# Transitioning to a BARF diet



## wyoung2153 (Feb 28, 2010)

I have a 2 Year Old GSD, Titan. He is the PICKIEST eater known to man. Lol. But currently is doing his best on Blue Buffalo Wilderness: Duck. I was doing research and actually spoke to my new puppy's breeder about starting him on a raw food diet. I think it would be a great transition for him. I am also getting a puppy in about 6 weeks and would like to keep her on a raw diet as well. I have tried researching things and have found A LOT of information and I have no idea how or where to start. Can any one tell me or direct me to good information? How should I start with transitioning him to this diet? I'm also concerned with how pricey this could be. Any advice would be awesome!! Thanks guys!!


----------



## onyx'girl (May 18, 2007)

The raw/barf forums have lots n lots of info....
Welcome to the Raw Dog Ranch is a good site for learning.

Two dogs will tend to compete for food so picky eating may not be a big deal when the pup comes home.
When I transferred my 12 yr old and a two yr old rescue to raw, I went "cold turkey" to chicken leg 1/4s, a few days of runny stool(not diarrhea) is usually a given and you may see some detoxification(coat blow) after the transition. But you are feeding a good kibble, so may not see much in the way of diet change.
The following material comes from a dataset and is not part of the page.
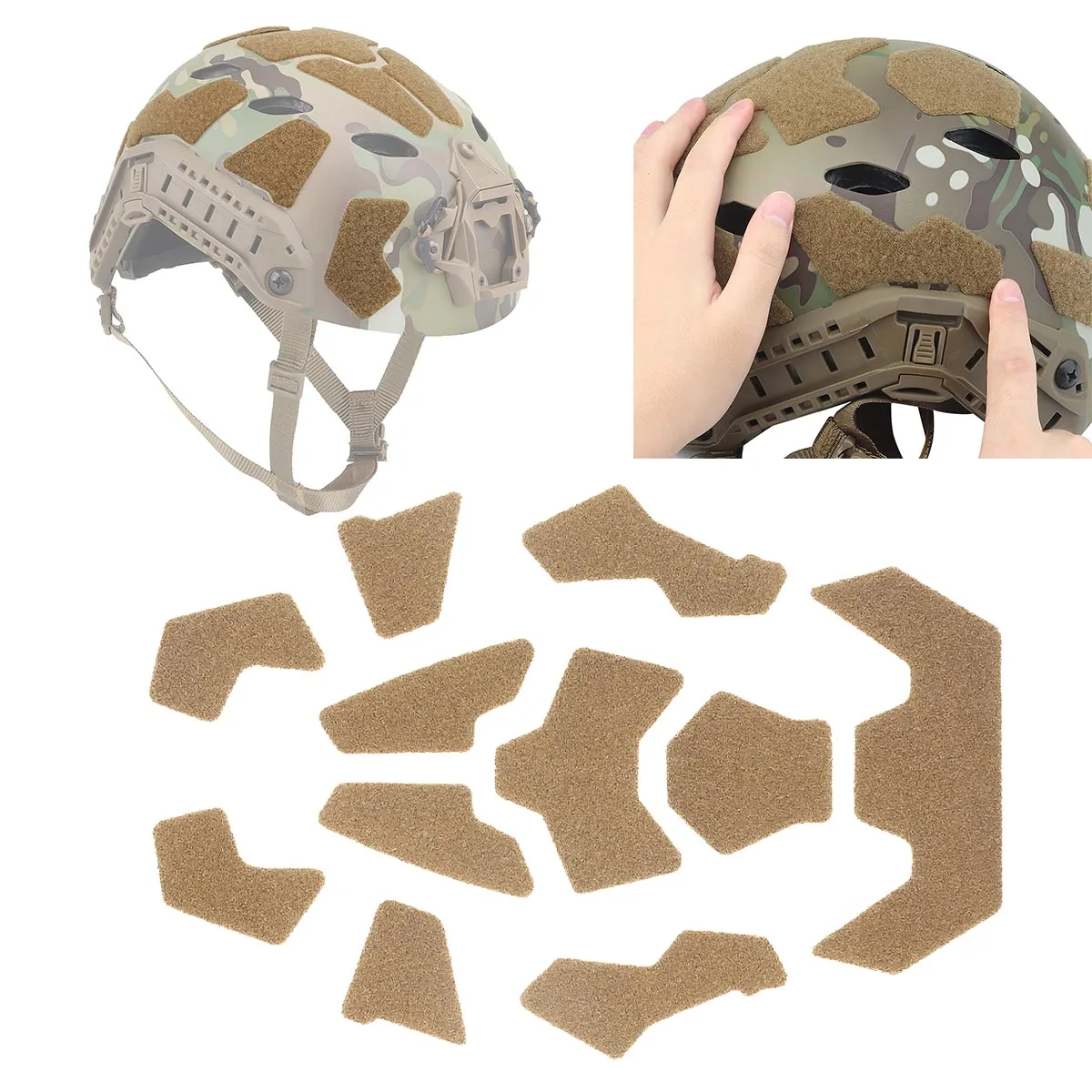 11Pcs/Set Super Hig… - image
When I transistioned my dogs, they were on grain free TOTW so it was easier on their systems, IMO.
For a young pup, I went with ground meats, chicken necks, turkey neck chunks and the wing sections for RMB's...went to the larger chix bones after a month or so. Green tripe is very important as far as I'm concerned and worth spending a bit more pound-wise due to the great balance of calcium: phosphorus for growing pups.


----------